I found it so interesting that I went straight home and booked on to a beekeeping for beginners course, commencing the following spring. I didn’t realise at the time that this moment would change the direction of my whole life and take me on a wonderful adventure that I would have never anticipated.
Bees are integral to a healthy ecosystem and are a crucial part of the bigger picture that is Mother Nature. So we’re doing our part to help the plight of the bees, but in doing so, we’re having a wider positive impact on the health of the woodland and surrounding areas beyond. We also run beekeeping experience days during spring and summer, and use these events as a chance to spread the word about how people can help bees and other pollinators.
As a beekeeper, you become in tune with the seasonal blossoming of all the different wildflowers. I’ve learnt a much deeper respect and understanding of nature which has been very enlightening for me. I’ve also learnt to be confident in giving classes, as I teach beekeeping at a local college and run beekeeping experience days from the woodland here. Before becoming a teacher, I found the prospect terrifying.

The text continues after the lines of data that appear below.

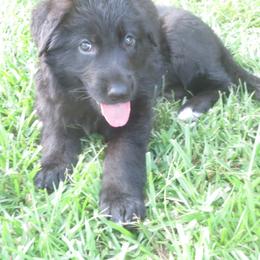 German Shepherd Puppies from V Diamondburg Kennels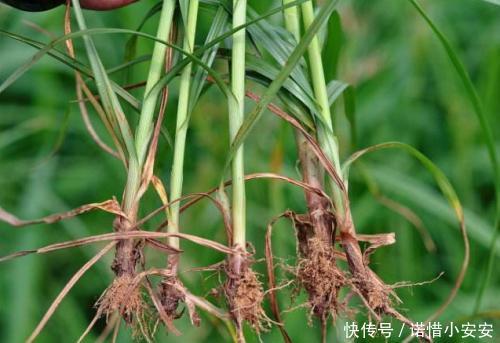 农村地里碰到此草，定要拔回家，根部价值相当珍贵，拔到就是赚到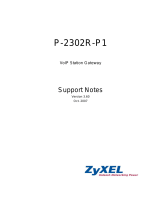 ZyXEL P-2302R-P1 User manual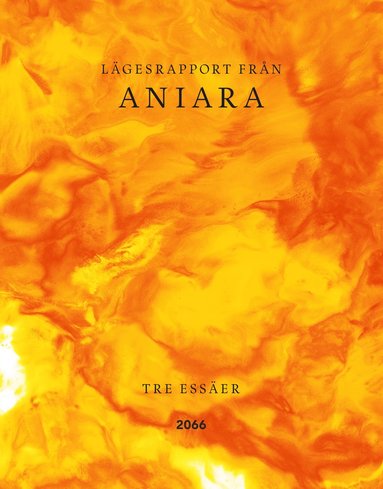Lgesrapport frn Aniara : tre esser (inbunden)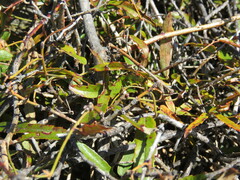 Rubus schmidelioides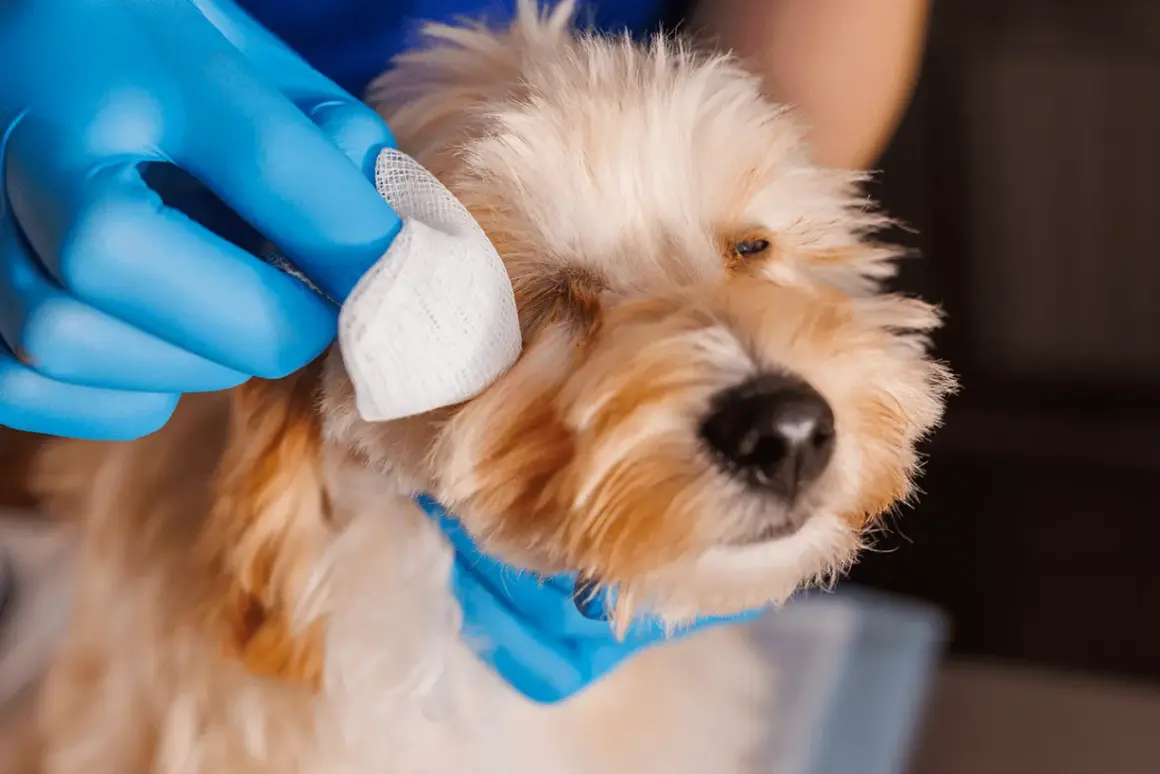 Main tenant une compresse, une personne en gant bleu nettoie l'œil d'un chien, peut-être atteint de conjonctivite.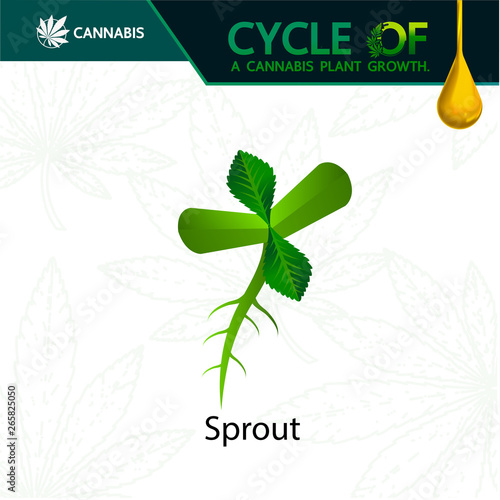 Cycle of a cannabis plant growth vector illustration.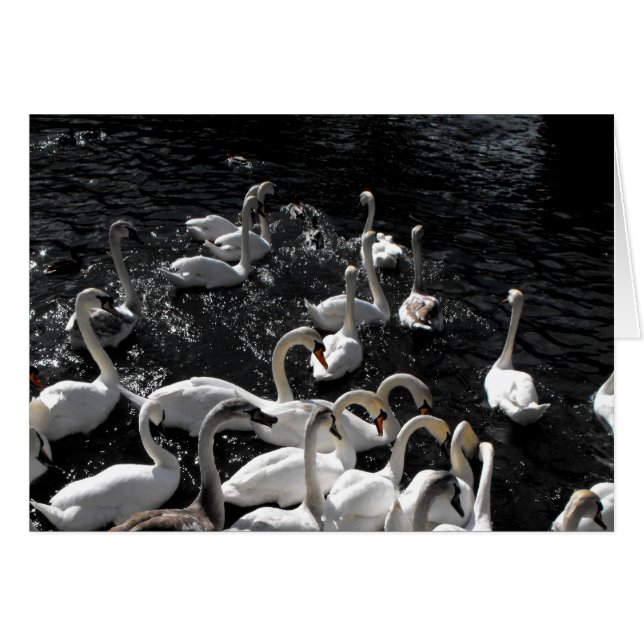 Tarjeta de Swans away (Anverso (Horizontal))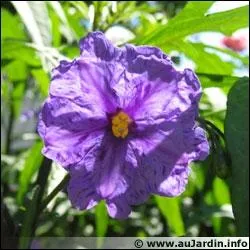 Cette fleur est appele  pomme kangourou  :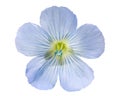 Flax flower l.usitatissimum, paths Royalty Free Stock Photo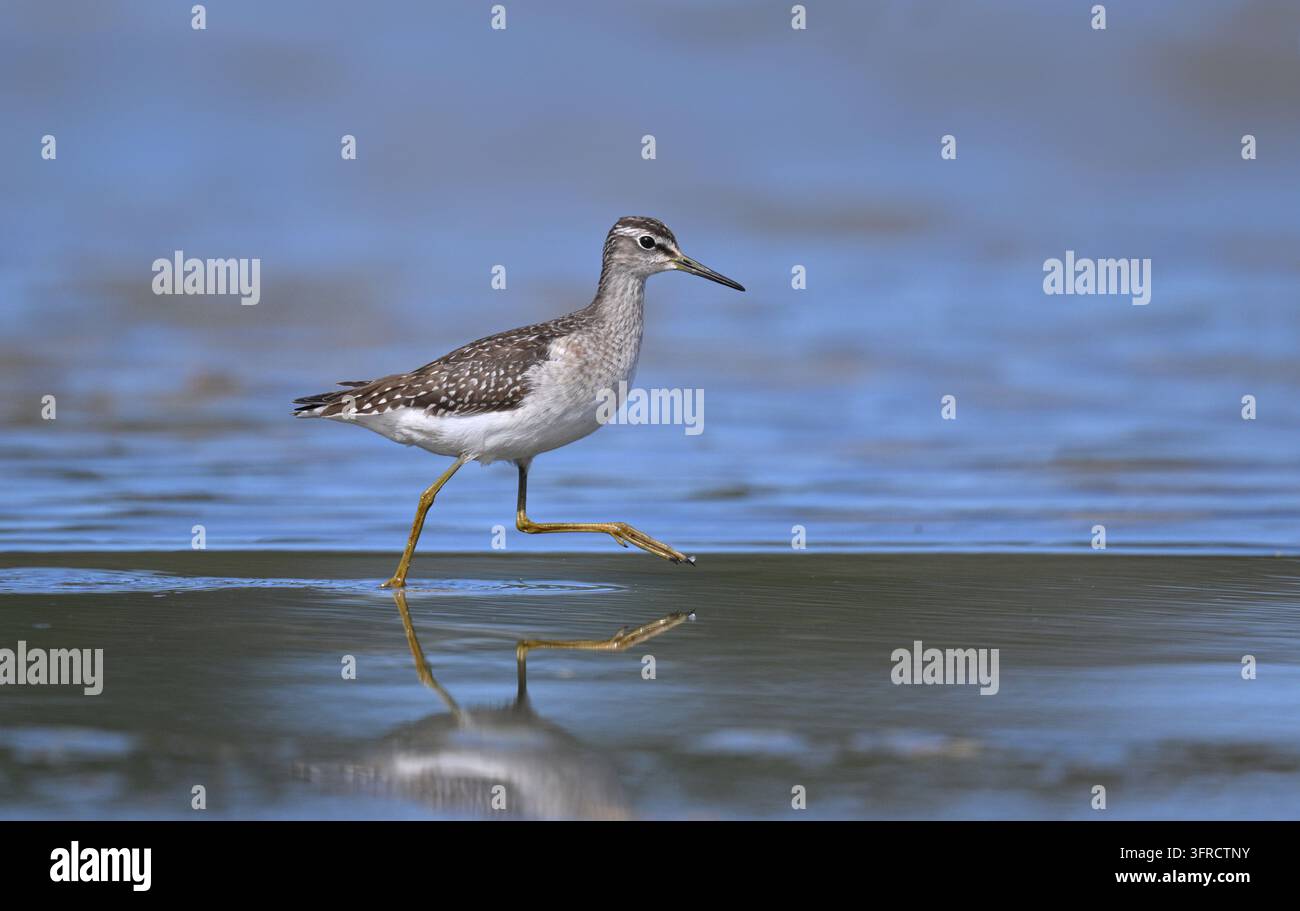 Bruchwasserläufer - Tringa glareola Stockfoto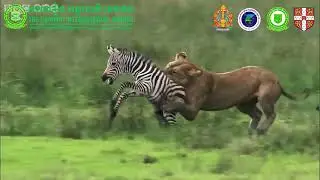 How Animals Get Their Food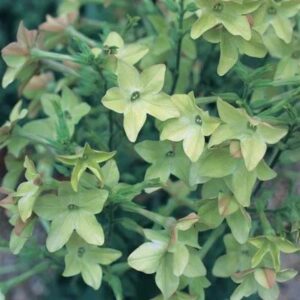 Nicotiana – Antique Lime – 4.5″ Pot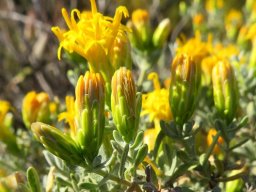 Pteronia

"I’ve learnt a much deeper respect & understanding of nature."
This time of year, my days are nicely varied. In the morning the first job is to post out internet orders from the previous day, then the day might include heading out to some of our various apiaries to check on the bees. There is also the big job of harvesting and processing the honey.
I do this three times a season, once after the spring flowering, then again after the summer flowering and then again, for the heather honey. That also involves moving our strongest hives, out into the middle of the New Forest National Park, at the beginning of August, for six weeks, so that they can produce pure New Forest Heather Honey.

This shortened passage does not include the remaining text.